(GOAL OF THE EXERCISE):
Of all the lines below, return only those starting with the line holding "Nissan Juke Hatchback" and going on through the line holding "SE (第2世代) ホワイト", exactly as written.

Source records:
-*-
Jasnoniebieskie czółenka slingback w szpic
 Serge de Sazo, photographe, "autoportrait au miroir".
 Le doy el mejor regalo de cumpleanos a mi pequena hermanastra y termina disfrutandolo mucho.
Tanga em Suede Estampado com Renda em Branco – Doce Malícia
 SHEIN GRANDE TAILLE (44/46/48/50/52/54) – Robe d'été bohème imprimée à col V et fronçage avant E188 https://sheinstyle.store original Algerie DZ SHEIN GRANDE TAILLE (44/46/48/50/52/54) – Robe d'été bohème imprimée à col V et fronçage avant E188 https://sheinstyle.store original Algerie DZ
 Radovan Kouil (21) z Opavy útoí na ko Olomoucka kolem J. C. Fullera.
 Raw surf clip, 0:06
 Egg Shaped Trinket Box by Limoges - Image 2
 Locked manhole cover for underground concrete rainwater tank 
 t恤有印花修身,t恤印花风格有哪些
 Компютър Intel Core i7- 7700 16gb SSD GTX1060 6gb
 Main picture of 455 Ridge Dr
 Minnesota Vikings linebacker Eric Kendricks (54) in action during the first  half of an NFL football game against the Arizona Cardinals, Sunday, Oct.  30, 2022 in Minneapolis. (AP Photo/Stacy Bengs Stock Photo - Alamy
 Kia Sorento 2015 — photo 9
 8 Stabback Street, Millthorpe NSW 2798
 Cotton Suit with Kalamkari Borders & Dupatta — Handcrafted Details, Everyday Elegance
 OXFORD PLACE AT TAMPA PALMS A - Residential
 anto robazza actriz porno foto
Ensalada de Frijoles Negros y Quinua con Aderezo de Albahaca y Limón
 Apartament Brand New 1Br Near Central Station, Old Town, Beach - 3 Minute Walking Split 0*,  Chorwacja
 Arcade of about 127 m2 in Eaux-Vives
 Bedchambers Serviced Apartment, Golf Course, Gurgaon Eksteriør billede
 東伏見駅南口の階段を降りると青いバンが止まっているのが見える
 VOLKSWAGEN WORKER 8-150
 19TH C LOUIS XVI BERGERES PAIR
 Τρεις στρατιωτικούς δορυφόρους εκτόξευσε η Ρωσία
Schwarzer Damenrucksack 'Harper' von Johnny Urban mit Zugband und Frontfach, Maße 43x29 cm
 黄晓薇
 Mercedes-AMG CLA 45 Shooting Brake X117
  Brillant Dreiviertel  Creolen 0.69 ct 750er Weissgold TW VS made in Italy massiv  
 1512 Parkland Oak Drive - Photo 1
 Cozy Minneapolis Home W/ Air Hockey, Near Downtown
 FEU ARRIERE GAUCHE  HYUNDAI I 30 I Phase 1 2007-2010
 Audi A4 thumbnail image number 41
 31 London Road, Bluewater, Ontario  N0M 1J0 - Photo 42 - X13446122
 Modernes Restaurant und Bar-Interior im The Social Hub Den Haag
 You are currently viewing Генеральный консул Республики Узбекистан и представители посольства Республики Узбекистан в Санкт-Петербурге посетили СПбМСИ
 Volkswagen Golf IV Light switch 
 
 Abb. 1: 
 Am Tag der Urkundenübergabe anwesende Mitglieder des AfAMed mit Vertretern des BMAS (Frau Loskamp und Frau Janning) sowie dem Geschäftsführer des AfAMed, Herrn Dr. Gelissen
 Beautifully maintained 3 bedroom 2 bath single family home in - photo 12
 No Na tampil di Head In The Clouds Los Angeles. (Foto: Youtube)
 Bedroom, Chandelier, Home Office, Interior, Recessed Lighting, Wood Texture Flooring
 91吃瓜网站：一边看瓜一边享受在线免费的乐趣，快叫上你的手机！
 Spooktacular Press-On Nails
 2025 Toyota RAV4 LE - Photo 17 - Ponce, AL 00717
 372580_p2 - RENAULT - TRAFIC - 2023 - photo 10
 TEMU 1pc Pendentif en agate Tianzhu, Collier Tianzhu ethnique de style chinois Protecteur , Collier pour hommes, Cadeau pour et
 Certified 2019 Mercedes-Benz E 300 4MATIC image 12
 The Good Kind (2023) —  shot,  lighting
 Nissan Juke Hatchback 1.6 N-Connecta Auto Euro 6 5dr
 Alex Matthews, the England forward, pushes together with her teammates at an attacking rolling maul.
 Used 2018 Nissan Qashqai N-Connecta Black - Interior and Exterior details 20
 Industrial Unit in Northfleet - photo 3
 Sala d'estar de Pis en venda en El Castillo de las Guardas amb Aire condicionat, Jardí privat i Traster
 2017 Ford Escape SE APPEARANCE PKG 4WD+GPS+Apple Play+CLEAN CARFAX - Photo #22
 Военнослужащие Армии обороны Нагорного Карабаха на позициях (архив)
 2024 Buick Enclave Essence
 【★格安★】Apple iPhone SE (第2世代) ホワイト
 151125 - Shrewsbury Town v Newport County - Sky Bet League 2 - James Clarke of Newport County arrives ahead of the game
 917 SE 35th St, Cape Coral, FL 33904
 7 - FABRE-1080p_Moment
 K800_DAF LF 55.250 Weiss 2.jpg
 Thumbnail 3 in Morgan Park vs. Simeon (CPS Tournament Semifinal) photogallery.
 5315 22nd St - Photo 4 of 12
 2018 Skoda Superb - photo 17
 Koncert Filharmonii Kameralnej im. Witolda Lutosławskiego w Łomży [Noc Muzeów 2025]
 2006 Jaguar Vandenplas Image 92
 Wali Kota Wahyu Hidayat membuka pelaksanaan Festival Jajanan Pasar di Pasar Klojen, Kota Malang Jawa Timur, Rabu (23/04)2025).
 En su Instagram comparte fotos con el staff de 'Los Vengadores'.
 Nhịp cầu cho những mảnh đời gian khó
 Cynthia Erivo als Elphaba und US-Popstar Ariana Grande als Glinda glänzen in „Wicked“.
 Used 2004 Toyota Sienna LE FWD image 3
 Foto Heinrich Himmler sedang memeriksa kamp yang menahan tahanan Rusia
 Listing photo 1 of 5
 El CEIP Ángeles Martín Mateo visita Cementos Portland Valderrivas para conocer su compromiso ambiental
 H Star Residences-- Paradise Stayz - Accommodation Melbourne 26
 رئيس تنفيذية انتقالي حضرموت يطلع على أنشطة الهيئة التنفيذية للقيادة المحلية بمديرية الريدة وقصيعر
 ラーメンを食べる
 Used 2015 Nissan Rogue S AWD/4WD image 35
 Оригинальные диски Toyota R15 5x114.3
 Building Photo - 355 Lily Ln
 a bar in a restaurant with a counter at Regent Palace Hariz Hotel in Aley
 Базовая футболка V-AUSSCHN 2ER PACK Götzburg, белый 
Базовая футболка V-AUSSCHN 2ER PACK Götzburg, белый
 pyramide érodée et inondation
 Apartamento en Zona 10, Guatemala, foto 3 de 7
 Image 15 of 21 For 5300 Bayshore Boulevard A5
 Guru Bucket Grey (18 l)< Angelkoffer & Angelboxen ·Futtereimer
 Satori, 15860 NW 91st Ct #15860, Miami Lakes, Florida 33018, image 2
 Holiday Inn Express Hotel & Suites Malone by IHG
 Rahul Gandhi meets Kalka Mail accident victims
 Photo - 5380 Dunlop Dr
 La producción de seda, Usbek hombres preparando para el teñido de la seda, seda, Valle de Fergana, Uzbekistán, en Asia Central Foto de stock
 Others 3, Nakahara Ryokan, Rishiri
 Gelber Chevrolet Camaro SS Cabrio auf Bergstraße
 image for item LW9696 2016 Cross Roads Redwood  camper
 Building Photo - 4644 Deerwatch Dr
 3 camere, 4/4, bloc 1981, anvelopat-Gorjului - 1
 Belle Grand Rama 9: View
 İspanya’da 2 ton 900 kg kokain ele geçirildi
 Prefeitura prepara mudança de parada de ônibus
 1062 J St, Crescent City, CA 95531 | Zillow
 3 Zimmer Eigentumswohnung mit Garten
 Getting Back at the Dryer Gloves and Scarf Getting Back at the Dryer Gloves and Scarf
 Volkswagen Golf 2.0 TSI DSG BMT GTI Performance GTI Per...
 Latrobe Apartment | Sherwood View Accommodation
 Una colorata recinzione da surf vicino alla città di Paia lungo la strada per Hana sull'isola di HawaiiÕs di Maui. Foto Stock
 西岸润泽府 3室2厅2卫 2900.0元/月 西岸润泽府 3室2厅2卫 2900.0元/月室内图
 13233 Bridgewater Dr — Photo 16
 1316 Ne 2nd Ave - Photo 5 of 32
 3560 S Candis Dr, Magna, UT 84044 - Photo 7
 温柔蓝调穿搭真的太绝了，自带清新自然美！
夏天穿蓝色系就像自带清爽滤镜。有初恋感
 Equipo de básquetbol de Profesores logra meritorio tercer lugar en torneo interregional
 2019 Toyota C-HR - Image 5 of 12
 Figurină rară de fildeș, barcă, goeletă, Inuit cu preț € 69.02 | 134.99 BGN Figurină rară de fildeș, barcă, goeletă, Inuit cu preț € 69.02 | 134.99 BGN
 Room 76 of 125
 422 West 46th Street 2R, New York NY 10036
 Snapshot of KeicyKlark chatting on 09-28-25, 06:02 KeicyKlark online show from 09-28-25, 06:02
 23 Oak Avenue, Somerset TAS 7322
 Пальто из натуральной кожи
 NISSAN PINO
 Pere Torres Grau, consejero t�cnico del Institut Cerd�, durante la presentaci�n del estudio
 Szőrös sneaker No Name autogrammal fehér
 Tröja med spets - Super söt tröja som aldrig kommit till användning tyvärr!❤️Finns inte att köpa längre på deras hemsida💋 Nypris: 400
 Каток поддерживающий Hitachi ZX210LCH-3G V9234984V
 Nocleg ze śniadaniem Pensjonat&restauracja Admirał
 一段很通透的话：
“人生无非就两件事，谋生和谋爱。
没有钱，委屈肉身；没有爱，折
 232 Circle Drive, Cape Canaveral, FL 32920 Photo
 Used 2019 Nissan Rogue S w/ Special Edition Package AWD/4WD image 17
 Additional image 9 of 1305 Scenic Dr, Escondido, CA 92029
-*-
(RESPONSE TO THIS EXERCISE):
 Nissan Juke Hatchback 1.6 N-Connecta Auto Euro 6 5dr
 Alex Matthews, the England forward, pushes together with her teammates at an attacking rolling maul.
 Used 2018 Nissan Qashqai N-Connecta Black - Interior and Exterior details 20
 Industrial Unit in Northfleet - photo 3
 Sala d'estar de Pis en venda en El Castillo de las Guardas amb Aire condicionat, Jardí privat i Traster
 2017 Ford Escape SE APPEARANCE PKG 4WD+GPS+Apple Play+CLEAN CARFAX - Photo #22
 Военнослужащие Армии обороны Нагорного Карабаха на позициях (архив)
 2024 Buick Enclave Essence
 【★格安★】Apple iPhone SE (第2世代) ホワイト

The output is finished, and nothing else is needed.